# First Summer Flowers (PIX)



## Rebbetzin (Jun 9, 2011)

This morning I took a couple of photos in the garden.

This is the first Sunflower!!







And the PVC arch has some Blue Morning Glory Flowers on it!






You would never know from the nice clear sky that we have so many fires burning all around us here.  My daughter in Colorado was complaining of all the smoke in the air the other day from the Arizona fires,
Here are a couple of her photos to show me what she was seeing up there.

This is how it normally looks.






And this is how it looked on June 7 2011






The winds carried the smoke away from us, I heard on the news they were detecting smoke in the Midwest from our fires here in Arizona.


----------



## DonnaBelle (Jun 9, 2011)

Beautiful sunflowers!!  I had been thinking about our Arizona neighbors.  No smoke here in our part of Oklahoma yet.

Here's hoping the fires are brought under control soon.

We have sure had a lot of bad weather and events in our country recently.

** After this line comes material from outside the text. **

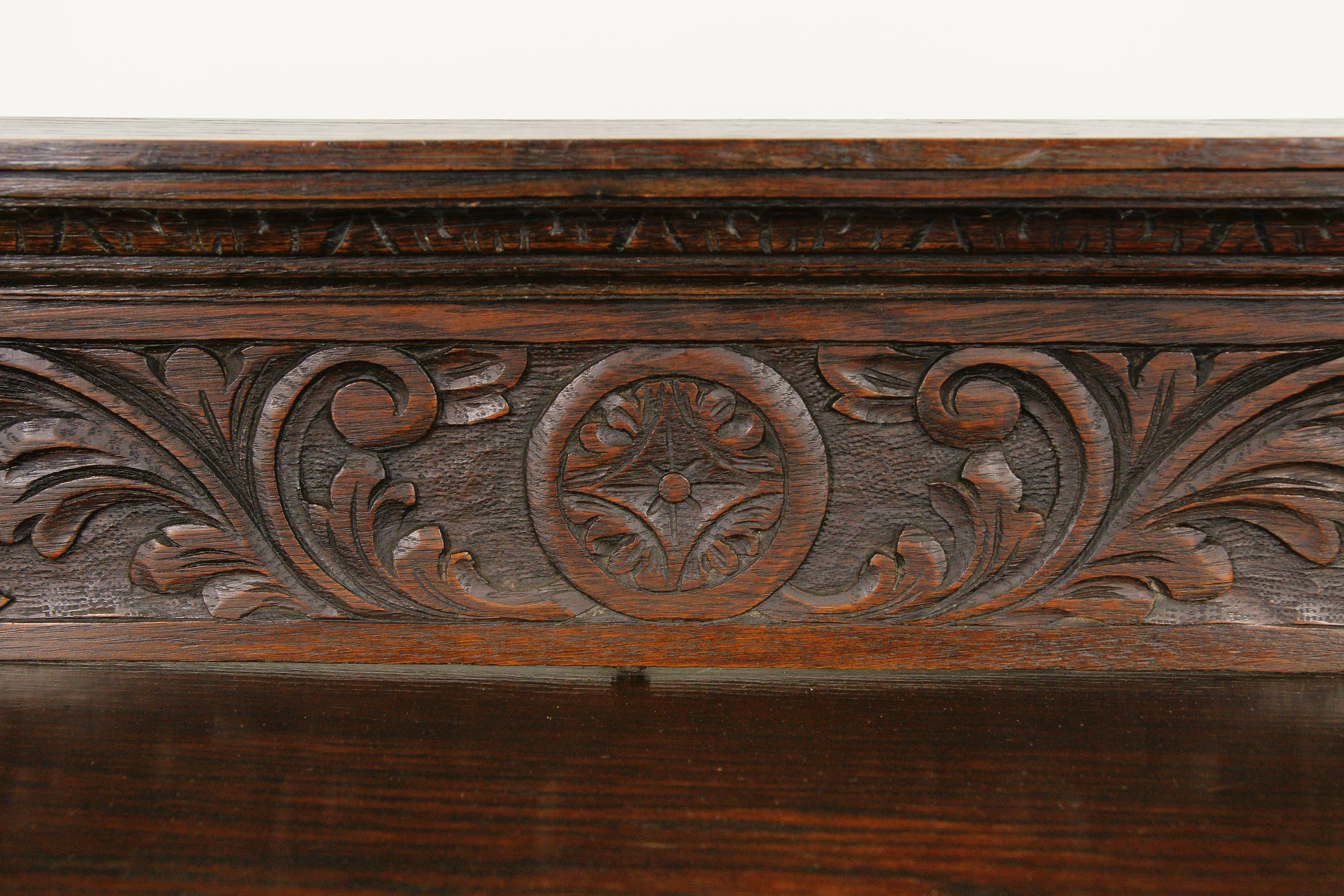 Scottish Antique Victorian Carved Oak Open Bookcase Display Cabinet, Scotland 1870, B1740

What's next?  The plague of locusts??

DonnaBelle


----------



## Rebbetzin (Jun 9, 2011)

DonnaBelle said:
			
		

> Beautiful sunflowers!!  I had been thinking about our Arizona neighbors.  No smoke here in our part of Oklahoma yet.
> 
> Here's hoping the fires are brought under control soon.
> 
> ...


No, next is the War of Ezekiel 38.....


----------



## elevan (Jun 10, 2011)

I always enjoy looking at your pictures


----------